In Fortran arrays are in column-major ordering, i.e. here a(i,j,k) the i varies the fastest, then j, then k. So contiguous access along the i direction is optimal. For the CPU:

do k = 1, nk
	do concurrent(i=1:ni, j=1:nj) !or j->i, they are very similar!

This works great because the outer loop is sequential, so for each k, the i,j or j,i loop is collapsed and parallelized across 40 threads on the CPU, each one working on a different (i,j) pair. This has good cache locality, since the inner loops access with a stride-1.

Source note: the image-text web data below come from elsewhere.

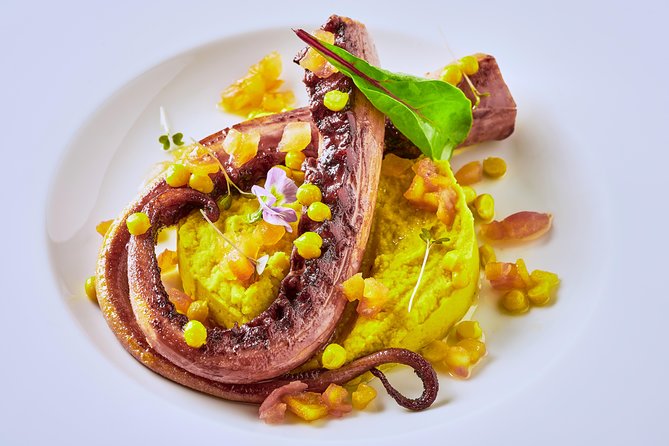 Retsina Wine - Create Your Private Athens Wine Tour - Tasting Retsina Wine in Athens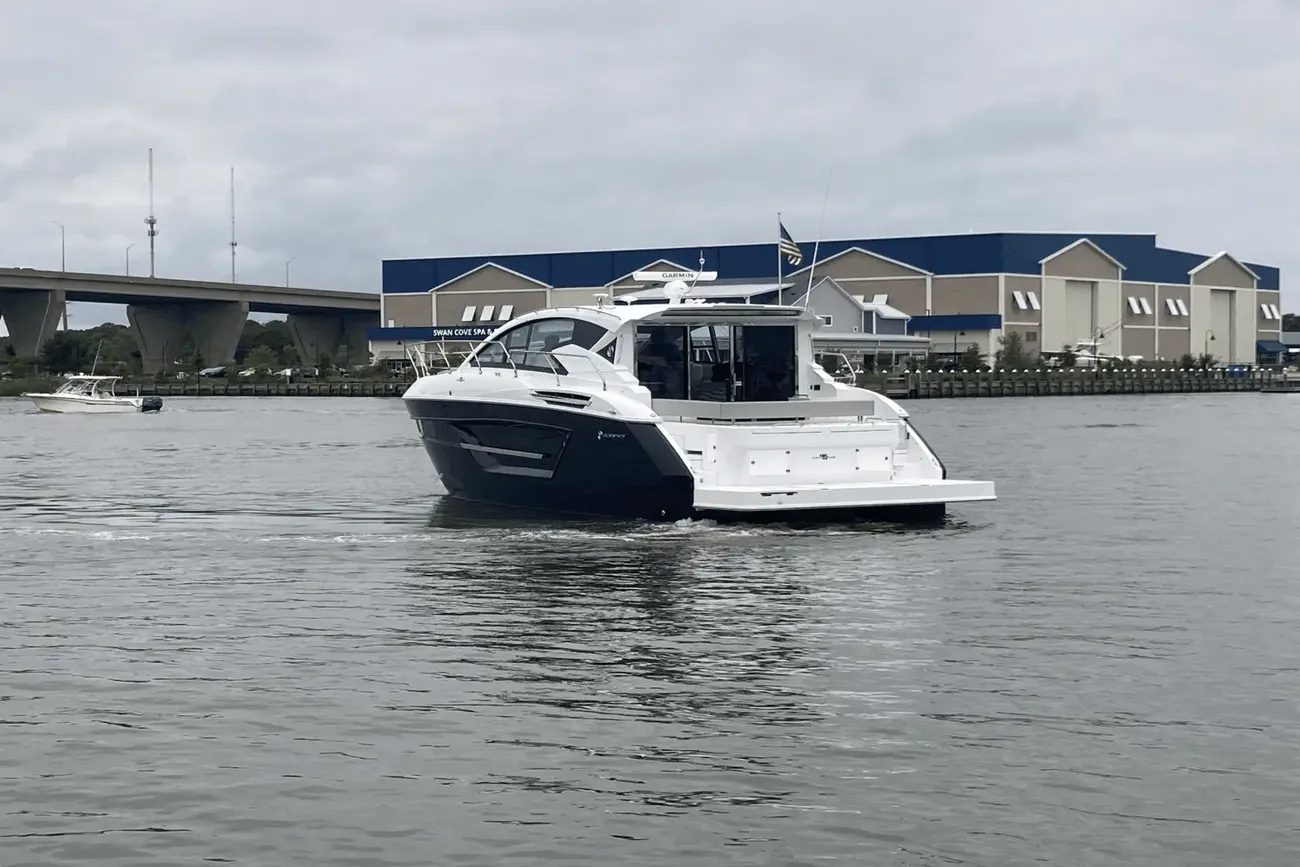 Thumbnail von Cruisers Yachts 46 Cantius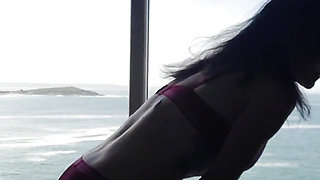 Seaview Striptease and Squirting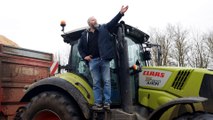 « Nous on a des racines » : des agriculteurs en colère bloquent l'A16 jusqu'à nouvel ordre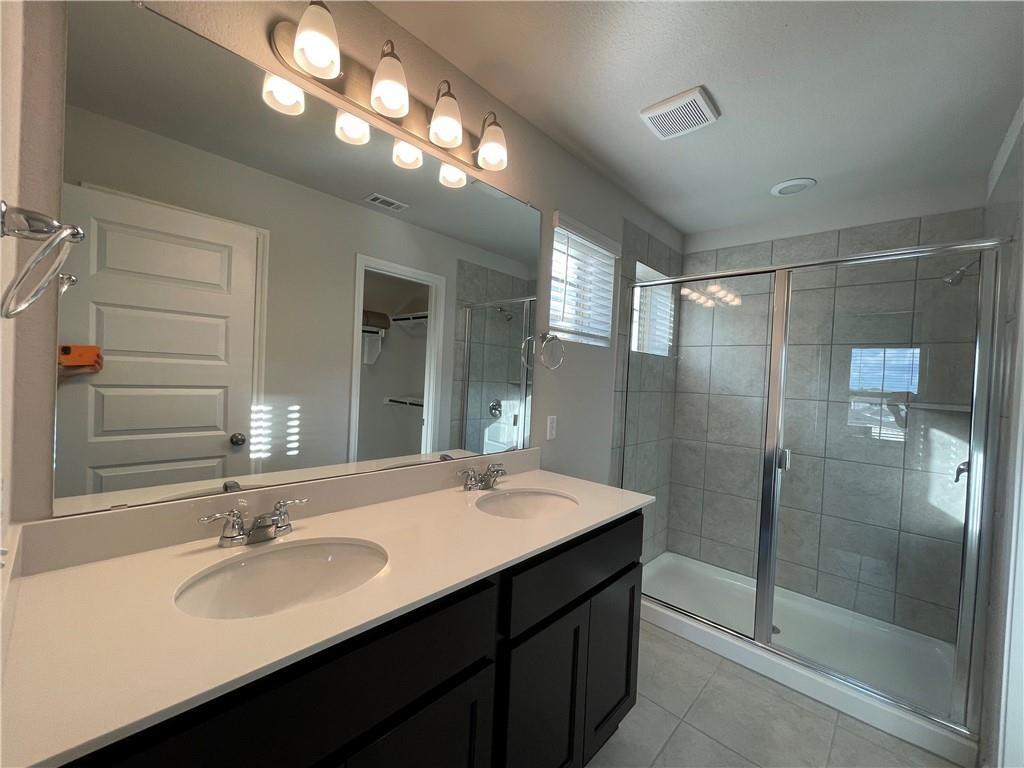 2040 Arendale Dr, Leander, TX 78641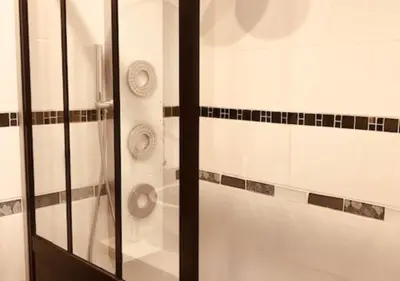 Salle de bains dans l'établissement LE JARDIN DE LA PICHONNERIE Chambres d'hôtes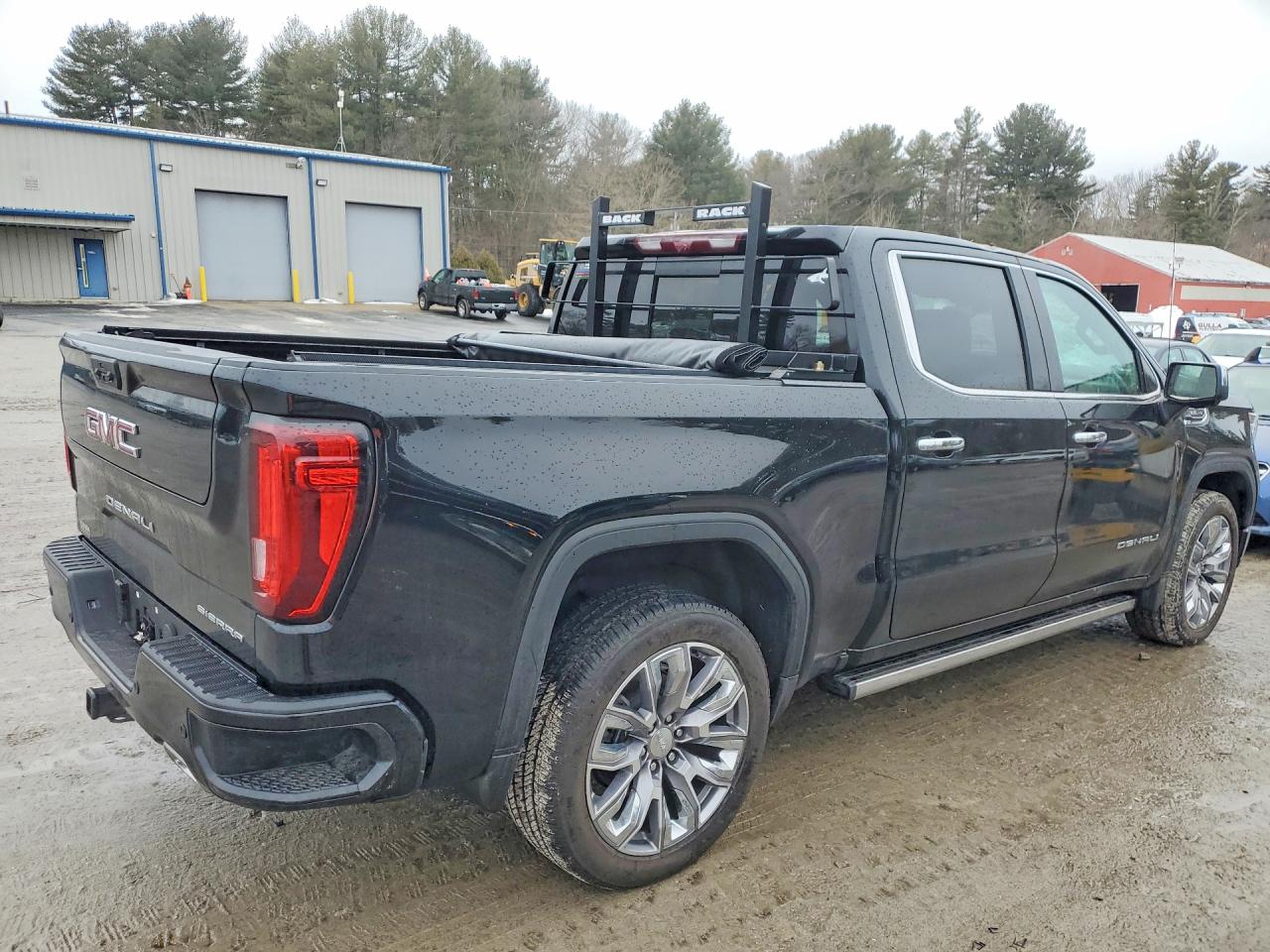2025 GMC SIERRA K1500 DENALI photo 7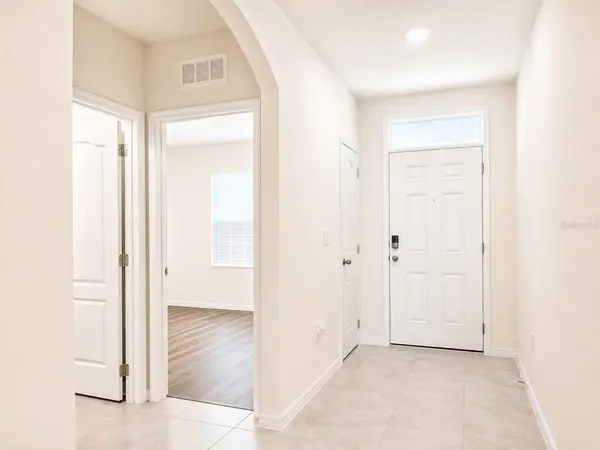 2132 SILVER BROOK WAY, Davenport, FL 33837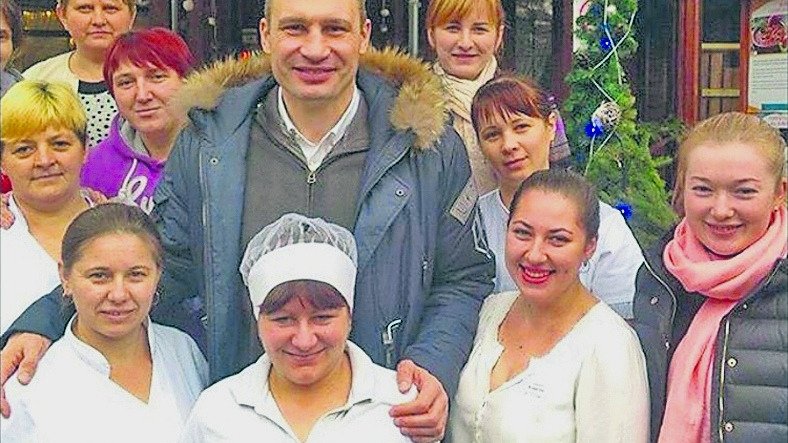 Вечеринку с шашлыками у Виталия Кличко назвали рабочей поездкой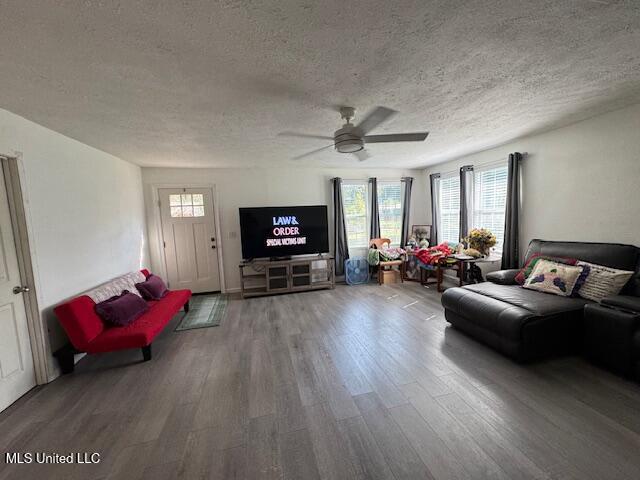 1019 Kennedy Road Property Photo 9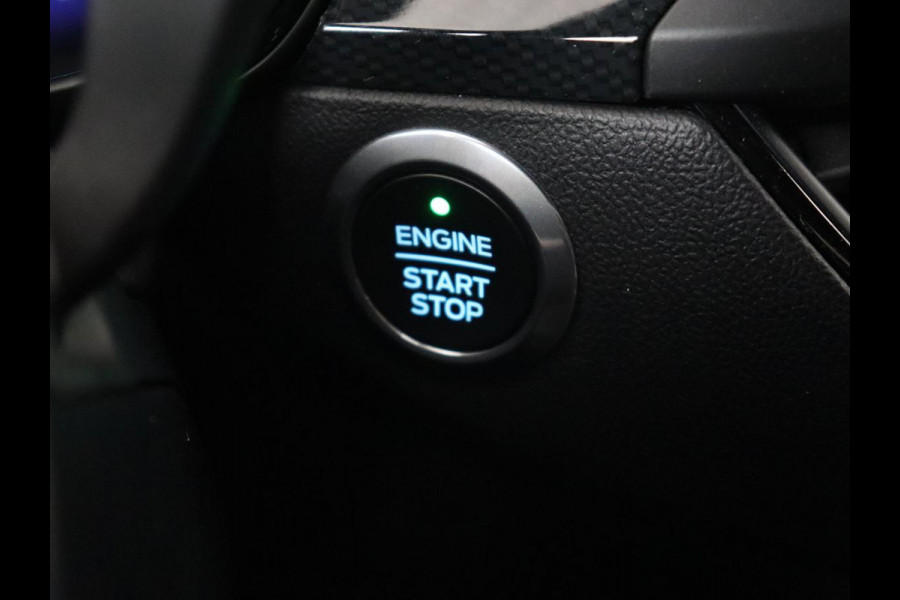Ford Focus 1.0 EcoBoost Hybrid ST Line X | Trekhaak | Stoel & stuurverwarming | Head-Up | Adaptive cruise | Camera | B&O Sound | Digital Cockpit | Carplay | Keyless | Full LED | Comfortstoelen | Park Assist Ford Focus 1.0 EcoBoost Hybrid ST Line X | Trekhaak | Stoel & stuurverwarming | Head-Up | Adaptive cruise | Camera | B&O Sound | Digital Cockpit | Carplay | Keyless | Full LED | Comfortstoelen | Park Assist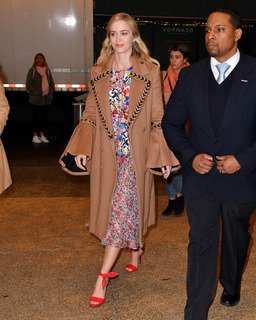 Emily Blunt feet photo thumbnail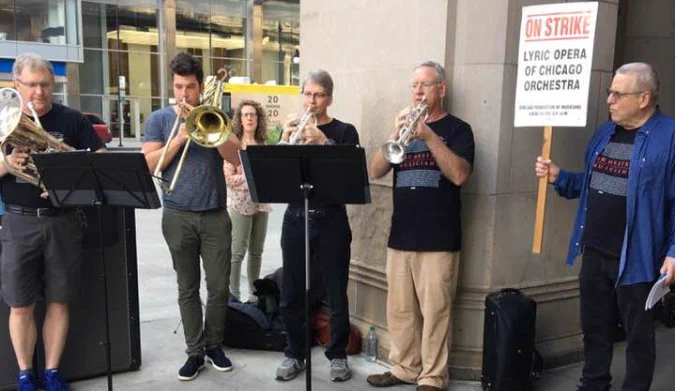 Stand with striking union musicians at Lyric Opera! Photo: Jack Zimmerman @jackzim17909259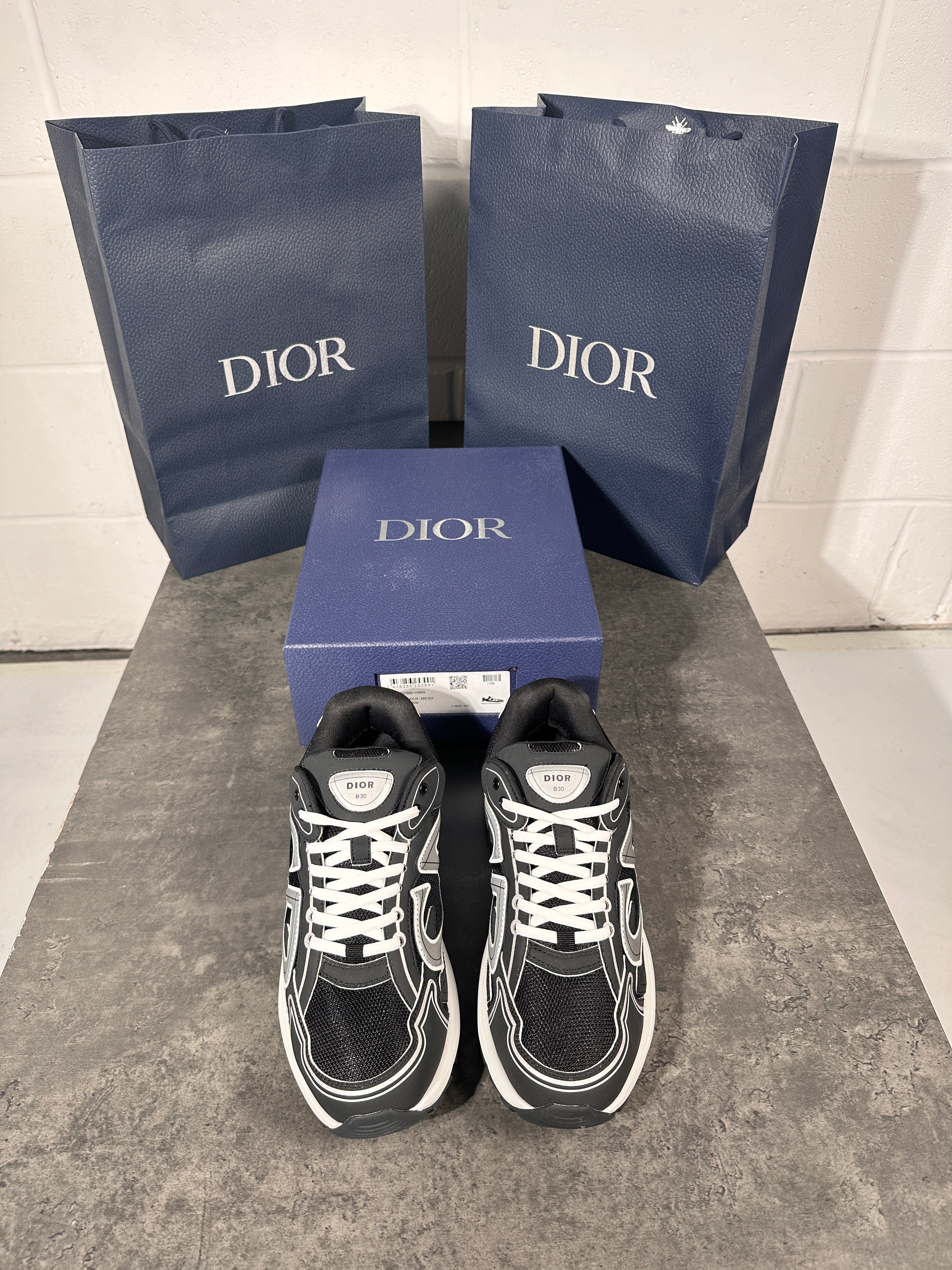 Dior b30 black & white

Why is this bad on the GPU? We have nk layers each one having ni*nj points to traverse. So for each k, we have ni*nj work and we have (on the CPU) a limited amount of threads. So on the GPU our only source of parallelism within each slice and we’ve introduced serialization at the k global level! We’re idling waiting for each K to complete.

Now for the GPU:

do concurrent(j=1:nj, i=1:ni)
	do k = 1, nk

Our parallelism is based on the ni*nj number of loop iterations we’d need to do, since the GPU has access to enough threads to launch all of these concurrently we can expose a massive amount of parallelism.

So, why is this bad on the CPU? we’re parallelizing across the ni*nj space. So for realistic sizes, ni*nj > nthreads so we’re limiting the amount of parallelism we can expose. Additionally, the strides between the ks will be very large and lead to cache misses.

These are good things to think about when porting your applications from CPUs to GPUs.

Portability#

do concurrent is praised for its portability, similar to OpenMP offloading. One single code to rule them all, it seems (?). Across compilers the support is varied, the best thing to do is to use the compiler the hardware vendor provides. On NVIDIA you use nvfortran, on AMD you use amdflang, and on Intel you use ifx. The key flags you need to be aware of are:

- NVIDIA: `nvfortran -mp=gpu -stdpar=gpu -gpu=mem:separate`
- AMD:    `amdflang -fopenmp --offload-arch=gfx90a -fdo-concurrent-to-openmp=device`
- INTEL:  `ifx -fiopenmp -fopenmp-targets=spir64  -fopenmp-target-do-concurrent  -fopenmp-do-concurrent-maptype-modifier=none`

So, where’s the pudding? See:

GPU Performance j-i-k

This is the benchmark done above but for multiple number of vertical layers. You can see that the PVC is the faster GPU while the V100 and the MI250X are performing quite similarly. The support of do concurrent offloading using the amdflang compiler is quite beta at the moment. I am hoping that in the next couple of months things get better, since the MI250X should be much faster than the V100.